Mom’s Viral Post About Another Mom’s Pool Day Shows How ‘fake’ Social Media Is
Moms, can you relate to this?
“What we see on social media isn’t always real.”
Those are the words of Jen Flint, a mother who was at a public swimming pool when she observed another mom paying more attention to her phone than her child. The mom appeared to be setting up the “perfect” pool day — perhaps a little too perfect.
“Yesterday while at the pool I watched a young Mama and her little daughter enter the pool area dressed in very nice coordinating swimming suits,” Flint wrote in her Facebook post that went viral. “The mom, with her perfect loose curls tied up in a coordinating scarf, spent the first few minutes talking loudly on her phone to a friend while her daughter stood waiting to get into the pool. Mom ended the phone call and proceeded to spread out pool toys and sunscreen on a matching towel. Then after finding just the right angle and the right light, Mama pulled out her tripod and took a few selfies with her daughter.”
Flint continued to tell the story in her post that has since been shared more than 134,000 times.

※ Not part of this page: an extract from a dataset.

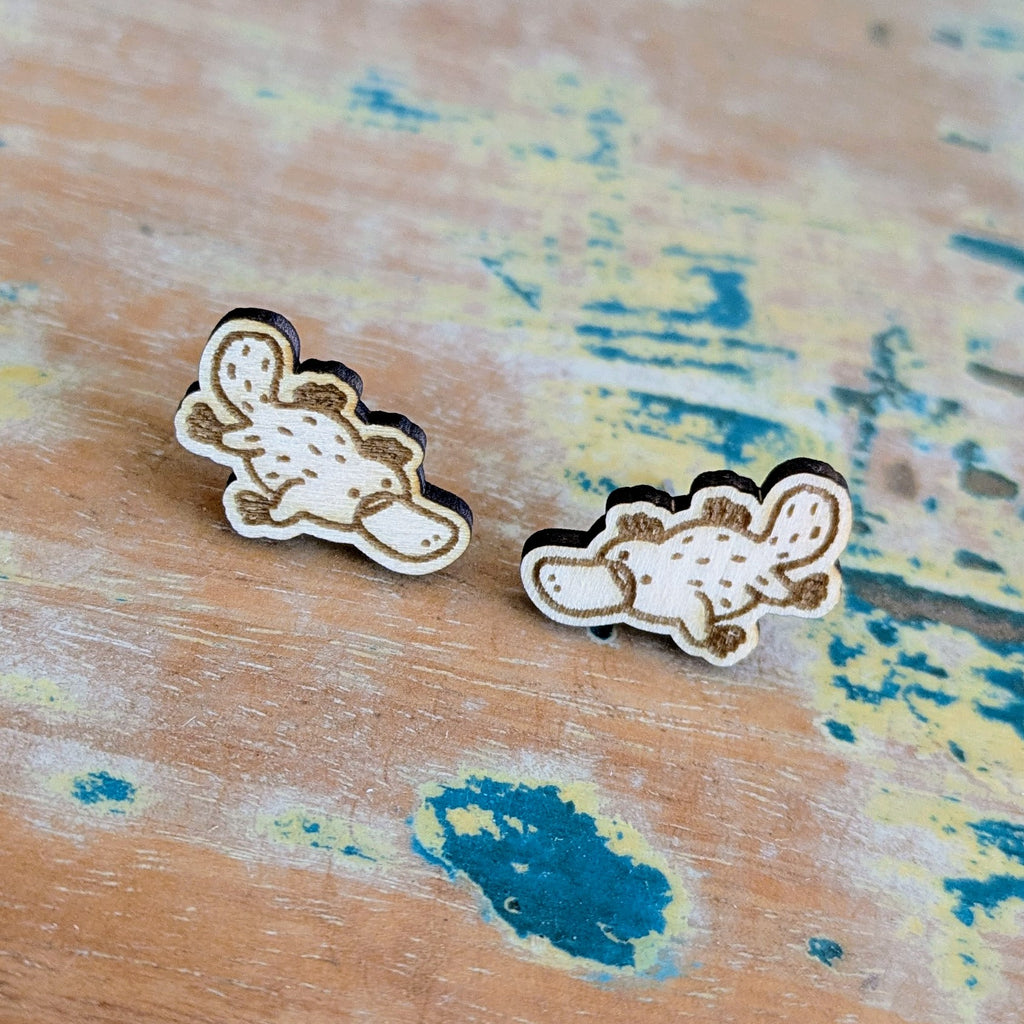 Platypus wooden stud earrings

“Little One asked to get in the pool. Mama said wait and then posed her daughter in front the pool, then going in to the pool and then coming back out of the pool. Little one smiled big and said ‘cheese’ like she’d done it a million times. Then Mama told her she could play.”
At this point, the daughter got into the water and played. Just a few minutes later, the mom was back on her phone. Flint wrote that the daughter repeatedly asked her mother to get into the water and play with her, but she was ignored.
“Mama glanced over at her but never got off the phone,” Flint wrote. “After 10 minutes, Mama ended her call, collected the sunscreen that was never applied, the water toys that never touched the water, and then her daughter and left the pool.”
Flint wrote that she pondered what she had just witnessed.
“I imagined the photos she took being perfectly edited and posted to social media with a caption like “Pool time with my girly! #makingmemories,” Flint wrote in her post.
“Somewhere another Mama is going to be at home with her children, the house a mess from their play, her hair unruly from a day of mothering and her clothes dirty with spit up or peanut butter. She’s going to be tired because she’s spent her day cooking, caring, cleaning and playing with her children. She’s going to look at that photo and she is going to compare herself to the perfect Mama at the pool.”
Flint worries that mothers on social media who see the “perfect” mom’s posts will compare themselves and feel inadequate. She issued this warning:
“What we see on social media isn’t always real. Sometimes and often it’s a complete set-up. It’s staged and filtered and it’s counterfeit,” Flint wrote.
Flint went on to urge her readers not to compare themselves to the other moms they saw online.
“You are enough,” she wrote. “Your dirty shirt and your messy house and your happy children are real and they are proof that you are doing it right.”